Sexta-feira, 26 de Dezembro de 2025
Sexta-feira, 26 de Dezembro de 2025
Início » Há 159 anos nascia o pai da literatura de cordel

Há 159 anos nascia o pai da literatura de cordel

por Palavras!
Foto: Reprodução

Por Vald Ribeiro

No dia 9 de setembro de 1976, em uma crônica publicada no Jornal do Brasil, Carlos Drummond de Andrade concedeu o título   de “príncipe dos poetas” ao Cordelista Leandro Gomes de Barros, considerado o pai da literatura de cordel. Na crônica, Drummond tece uma crítica ácida aos 36 dos  173 poetas escolhidos pela Revista Fon-Fon que, em um concurso realizado em 1913 elegeu Olavo Bilac como o príncipe dos poetas. Drummond deixa bem claro na crônica que o título dado pela antiga revista literária foi injusto. Para o poeta mineiro,  o verdadeiro príncipe dos poetas seria  o paraibano Leandro Gomes de Barros. A lembrança de Drummond demonstra a importância da obra do poeta paraibano para a literatura brasileira, sobretudo para os nordestinos, berço do que se convencionou chamar de literatura de cordel.
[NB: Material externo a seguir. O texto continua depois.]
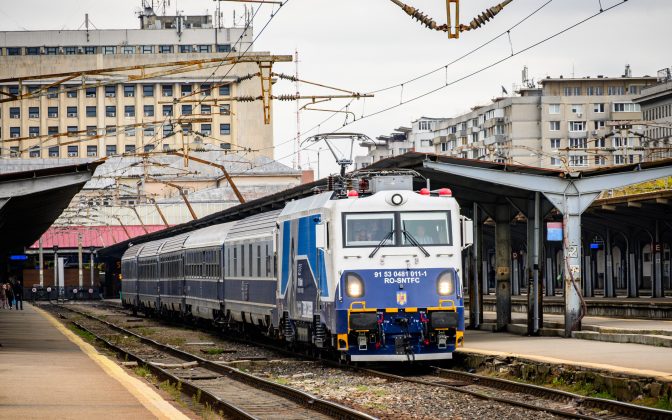 Primele 10 locomotive modernizate de Softronic prin PNRR au parcurs un milion de kilometri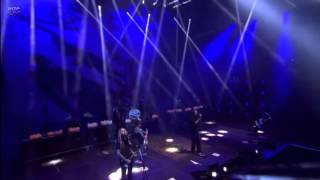 Korn - Daddy Live Hellfest 2015(Legendado Brasil)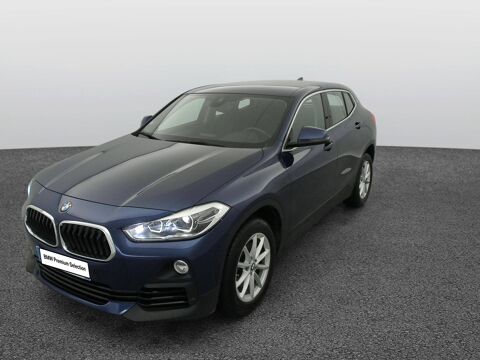 BMW X2 sDrive 18d 150 ch BVA8 2018 occasion Chennevières-sur-Marne 94430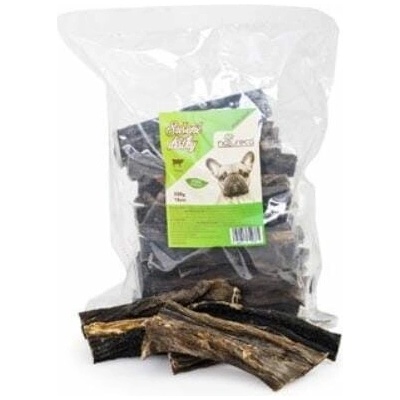 Natureca Dog Hovězí dršťky sušené 500 g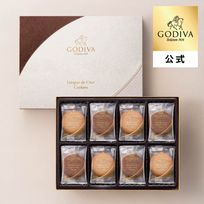 【GODIVA】ラングドシャクッキーアソートメント (30枚入)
Foi exatamente no dia 13 de novembro de 1865 na Fazenda Melancia situada no município de Pombal, na Paraíba, que Leandro Gomes de Barros nasceu. Embora tenha falecido prematuramente aos 53 anos, vítima da gripe espanhola, Barros escreveu cerca de 240 obras literárias entre folhetos e romances, obras que sempre foram  sucessos de público a ponto de o poeta viver exclusivamente da venda de suas obras. Apesar dos estudos acadêmicos empreendidos nos últimos 50 anos sobre a literatura de cordel no Brasil ainda não se tem um número exato das obras produzidas pelo paraibano. Câmara Cascudo aponta que o cordelista teria mais de mil obras publicadas. Entre uma e outra informação o fato é que Barros foi sem dúvida um prolixo e bem-sucedido autor de poesia de cordel cujas vendas não ficaram restritas apenas ao entorno de Recife, local em que ele passou a maior parte da vida.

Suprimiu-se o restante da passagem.